Quick links
AAA Copy and Document Management is now bringing a new solution to storage problems: confidential document scanning and conversion.
What is a Searchable PDF?
A searchable PDF file is a PDF file that includes text that can be searched upon using the standard Adobe Reader “search” functionality. In addition, the text can be selected and copied from the PDF. Generally, PDF files created from Microsoft Office Word and other documents are by their nature searchable as the source document contains text which is replicated in the PDF, but when creating a PDF from a scanned document and OCR process needs to be applied to recognize the characters within the image.
Inside a Searchable PDF
In the context of Document Imaging, a searchable PDF will typically contain both the original scanned image plus a separate text layer produced from an OCR process. The text layer is defined in the PDF file as invisible, but can still be selected and seached upon.
OCR Accuracy
A number of factors affect the accuracy of the text produced by the OCR process – 100% accuracy is certain possible under good conditions but each of the following issues, and OCR processing options will have an impact.
Original Image Quality
Although some pre-processing options such as despeckle and deskew can help in some cases, the visual quality of the original scan is of paramount importance.
Image DPI and Format
The image resolution should be at least 150 DPI for OCR processing, and preferably 300 DPI for optimal results, although for good quality scans 200 DPI is often sufficient.
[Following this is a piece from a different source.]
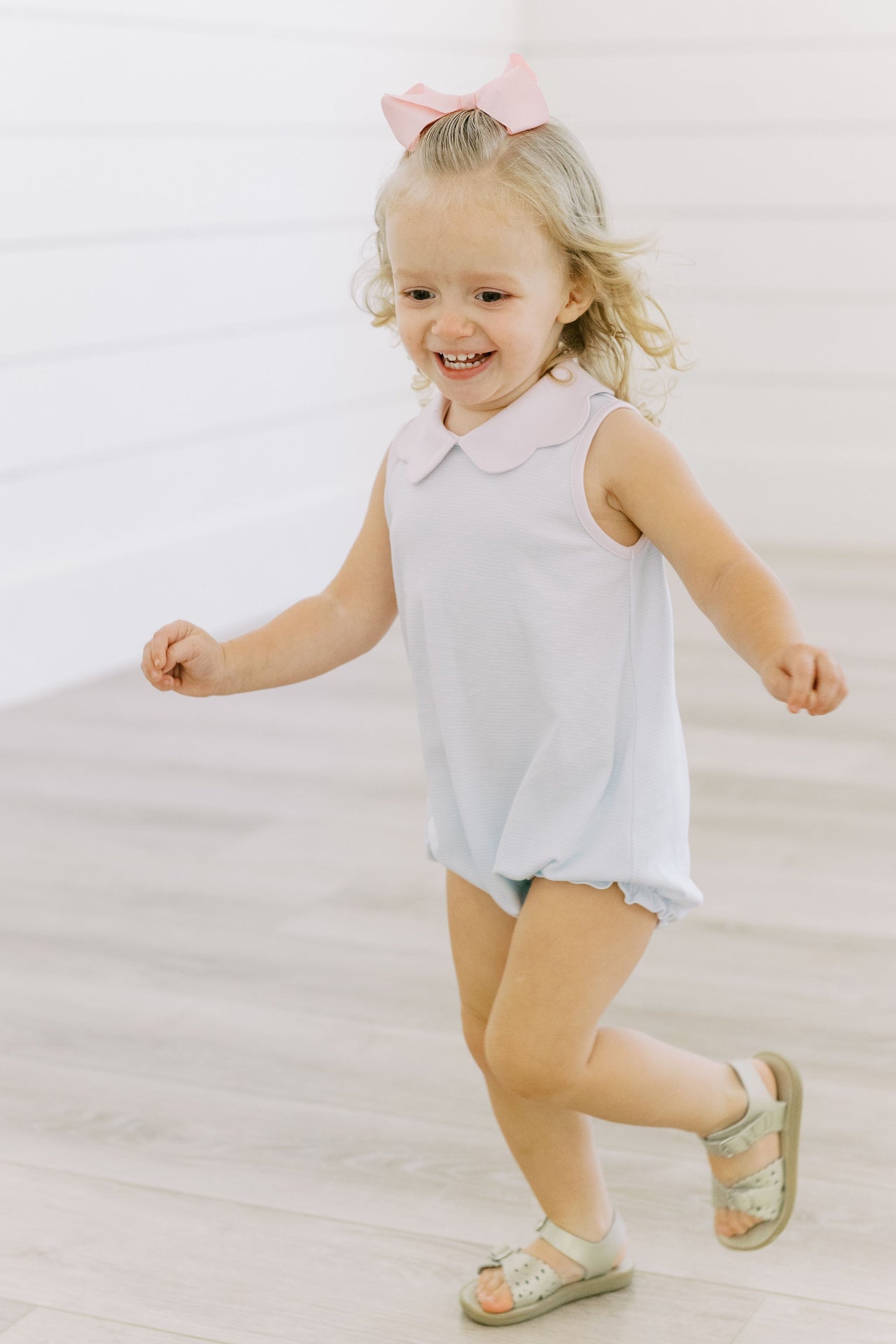 Light Blue Striped Scallop Girl Bubble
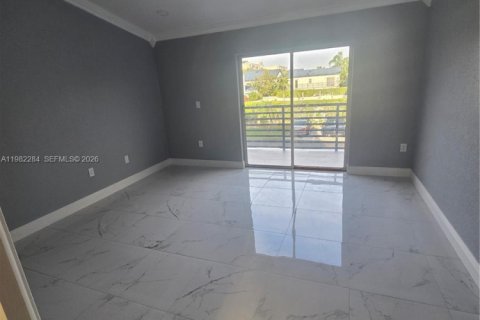 Villa ou maison à vendre à Miami, Floride: 4 chambres, 134.62 m2 № 2080516 - photo 15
Non-lossy formats (TIFF Group 4, LZW etc) are preferred over lossy formats such as JPEG compression.
Despeckle
This pre-processing option removes isolated “dots” within the image which can cause recognition problems, and makes the result image “cleaner”.
Deskew
This option can improve OCR results by straightening crooked pages.
Auto-Rotate
OCR processing usually recognizes text written top-to-bottom, left-to-right, so pages that are orientated any other way (usually landscape pages) need to be re-oriented to enable recognition.
Language Settings
The language setting determines the set of characters that will be recognized, and the dictionary that will be used as a guide.